What is being asked >>
Go to the line containing "Corkboard обяви 12" below; retype it and all following lines exactly, and leave out the pictures.

Input data >>
··········
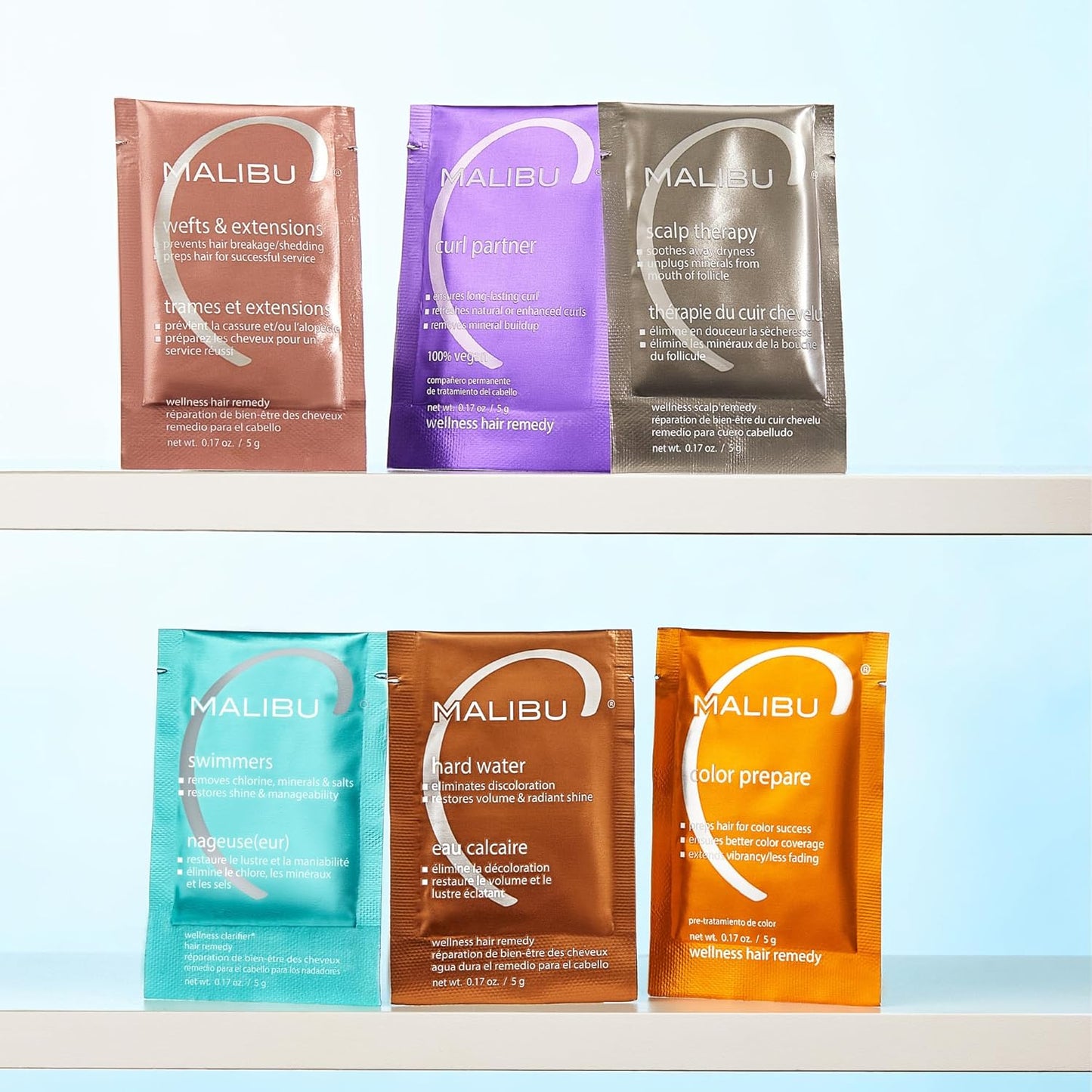 Malibu C Hard Water Hair Remedy | Chelating Treatment Packets for Scalp Detox & Shine Restoration - 3 Vegan Packets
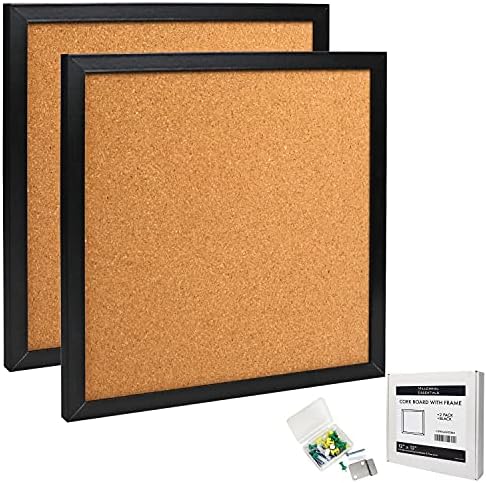 Corkboard обяви 12 X 12 Квадратна черна Corkboard плочки в рамката за стени, Модерна Corkboard дъска за домове, училища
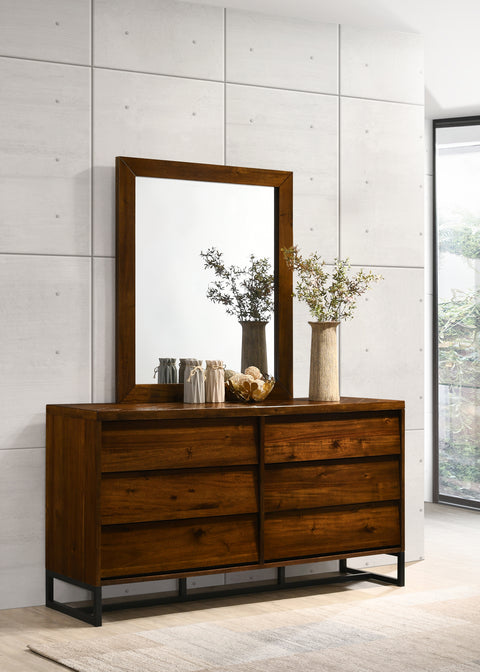Monroe 35" Antique Coffee Wood Frame Mirror, 1 Piece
··········
Problem solution >>
 Corkboard обяви 12 X 12 Квадратна черна Corkboard плочки в рамката за стени, Модерна Corkboard дъска за домове, училища
Monroe 35" Antique Coffee Wood Frame Mirror, 1 Piece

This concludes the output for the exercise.